By now, you’ve heard about the fact that your iPhone has been caching its location data file for months, leaving a nifty but, for some, troubling series of virtual breadcrumbs showing the phone’s movement over time.
I tend to agree with Gruber and other cooler heads that this is half-intentional, half-mistake. The intentional point is the short-term caching of location data to serve apps that use it. The mistake is in not flushing the data after it’s been used.
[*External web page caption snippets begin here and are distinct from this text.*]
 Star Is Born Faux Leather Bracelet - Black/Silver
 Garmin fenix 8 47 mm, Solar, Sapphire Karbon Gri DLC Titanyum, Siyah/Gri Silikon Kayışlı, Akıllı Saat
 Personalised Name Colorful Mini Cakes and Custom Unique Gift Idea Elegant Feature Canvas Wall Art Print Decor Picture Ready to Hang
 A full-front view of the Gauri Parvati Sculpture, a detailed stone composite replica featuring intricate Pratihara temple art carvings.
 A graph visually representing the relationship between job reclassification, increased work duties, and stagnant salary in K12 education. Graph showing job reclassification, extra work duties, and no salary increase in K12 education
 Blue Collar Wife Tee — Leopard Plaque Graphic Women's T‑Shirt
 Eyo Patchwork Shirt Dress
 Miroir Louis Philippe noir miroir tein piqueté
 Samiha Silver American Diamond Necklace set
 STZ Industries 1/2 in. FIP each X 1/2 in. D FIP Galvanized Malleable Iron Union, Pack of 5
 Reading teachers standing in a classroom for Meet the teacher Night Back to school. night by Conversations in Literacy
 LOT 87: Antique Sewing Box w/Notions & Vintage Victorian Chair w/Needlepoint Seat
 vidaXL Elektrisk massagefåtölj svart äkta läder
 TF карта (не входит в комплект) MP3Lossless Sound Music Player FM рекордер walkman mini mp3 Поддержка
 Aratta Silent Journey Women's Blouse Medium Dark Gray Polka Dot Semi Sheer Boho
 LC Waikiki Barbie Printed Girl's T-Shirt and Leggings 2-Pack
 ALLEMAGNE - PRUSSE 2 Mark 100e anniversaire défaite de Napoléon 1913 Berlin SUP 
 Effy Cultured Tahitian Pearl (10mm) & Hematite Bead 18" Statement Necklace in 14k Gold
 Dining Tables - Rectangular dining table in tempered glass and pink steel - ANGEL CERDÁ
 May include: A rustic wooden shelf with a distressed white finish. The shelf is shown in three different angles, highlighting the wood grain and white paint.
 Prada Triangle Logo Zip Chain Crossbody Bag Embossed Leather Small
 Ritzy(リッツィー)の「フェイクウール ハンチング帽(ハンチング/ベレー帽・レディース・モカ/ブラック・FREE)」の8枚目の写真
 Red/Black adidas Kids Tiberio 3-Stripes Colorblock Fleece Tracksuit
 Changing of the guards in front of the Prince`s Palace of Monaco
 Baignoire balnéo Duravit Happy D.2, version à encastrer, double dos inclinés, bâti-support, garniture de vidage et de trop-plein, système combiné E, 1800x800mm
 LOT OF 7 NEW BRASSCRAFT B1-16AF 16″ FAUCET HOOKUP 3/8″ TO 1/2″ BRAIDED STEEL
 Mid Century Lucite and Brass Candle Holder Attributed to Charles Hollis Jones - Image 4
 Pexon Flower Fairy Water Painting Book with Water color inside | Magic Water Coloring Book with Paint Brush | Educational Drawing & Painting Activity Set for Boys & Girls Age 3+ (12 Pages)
Apparently, this is the way Android handles similar location information.
My guess: watch for an update real soon now.
Until then, marvel at the way these kinds of stories almost always play out:
- The original story is reported, in this case with nuance and a downloadable app to pull your own data and display it.
- Blogs pick it up and spin accordingly. Many Apple-centric sites report it with some perspective. Others freak out.
- A midwestern former-comedian-turned-senator demands answers.
- A subsequent post points out that answers to the senator’s questions already exist.
- Local television news joins the freakout. “YOUR PHONE IS SPYING ON YOU! DETAILS AT 11.”
What’s next? I don’t watch it, but I imagine that The Today Show will devote a sizable chunk of the show to it this morning. NPR will wring its hands. Consumer Reports will be sure to issue a news release saying that they still don’t recommend the iPhone. And Steve Ballmer will tell some interviewer willing to listen that he knew all along that “the iPhone is a flawed approach to smartphones.”
Okay. Now I’m exaggerating. But the point stands.
It’s a story. No question. And there are legitimate inquiries to be made about why Apple doesn’t flush out the data more frequently (or at all) and what, exactly, it’s being used for (there are many plausible guesses that are quite benign, but, so far, Apple hasn’t spoken up and cleared the air).
But by the time it gets to the ears of the general public, it’s become something much larger and, honestly, much more alarming and inaccurate.